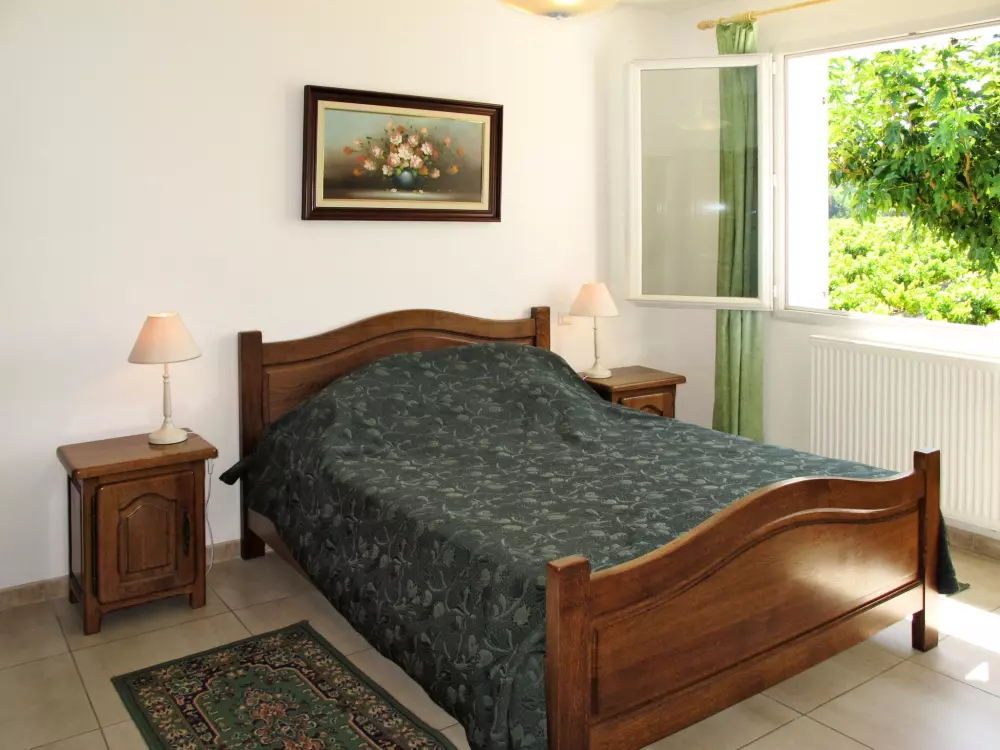 Maison de Vacances Valreas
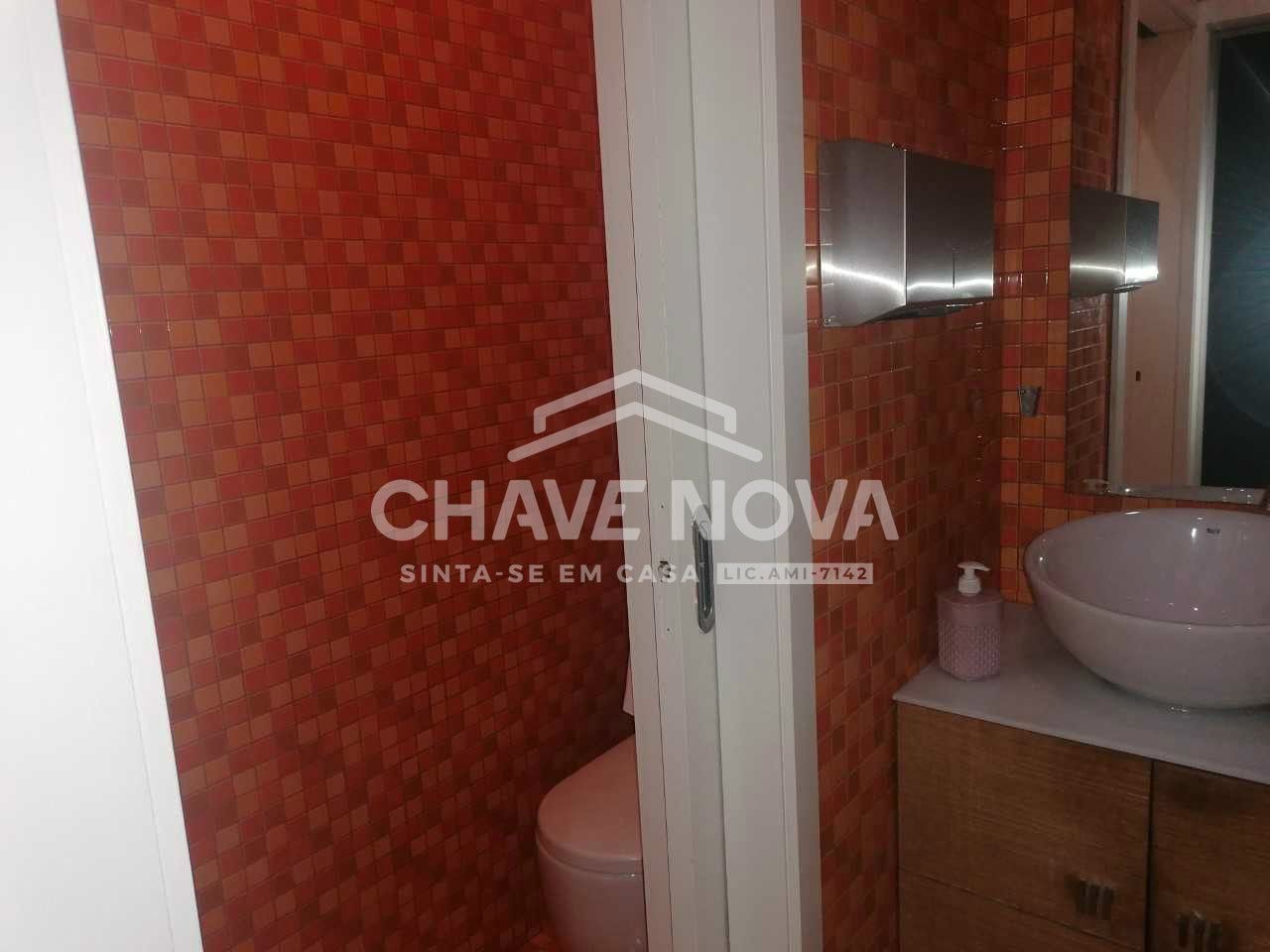 Loja para Trespasse em Rio Tinto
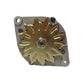 Alternator W/O Pulley Fits Case Replaces A187623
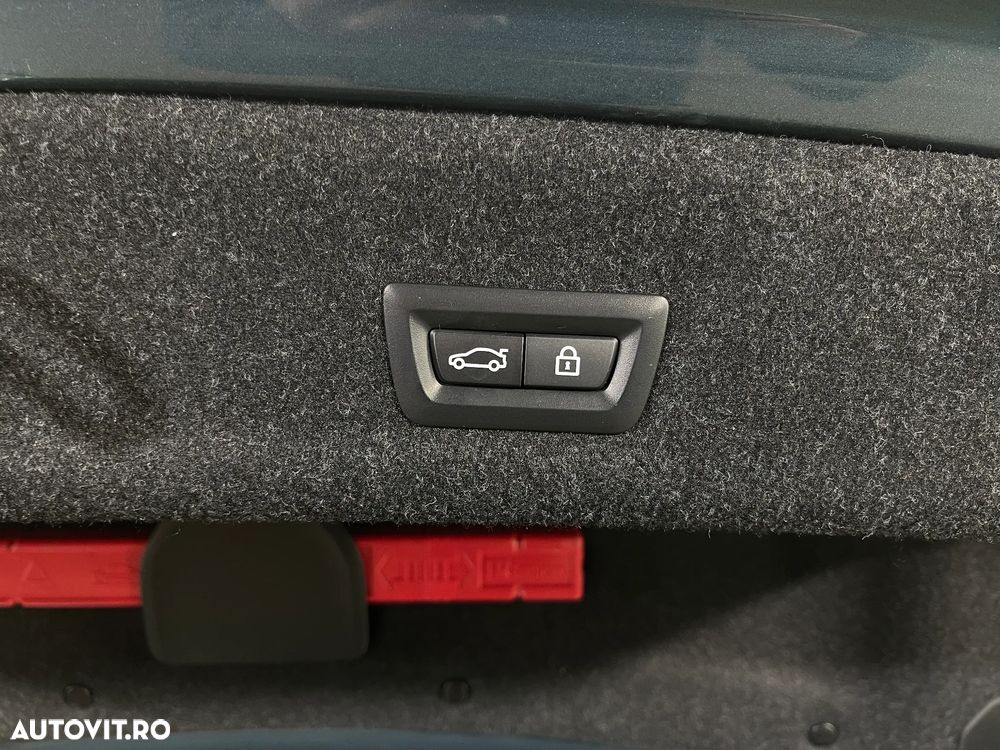 BMW Seria 3 320d xDrive AT MHEV - 21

#### TASK DETAILS
All that is needed here is the run of lines from the one containing "Loja para Trespasse em Rio Tinto" through the end of the material above, reproduced exactly and without pictures.

#### EXERCISE OUTPUT
 Loja para Trespasse em Rio Tinto
 Alternator W/O Pulley Fits Case Replaces A187623
 BMW Seria 3 320d xDrive AT MHEV - 21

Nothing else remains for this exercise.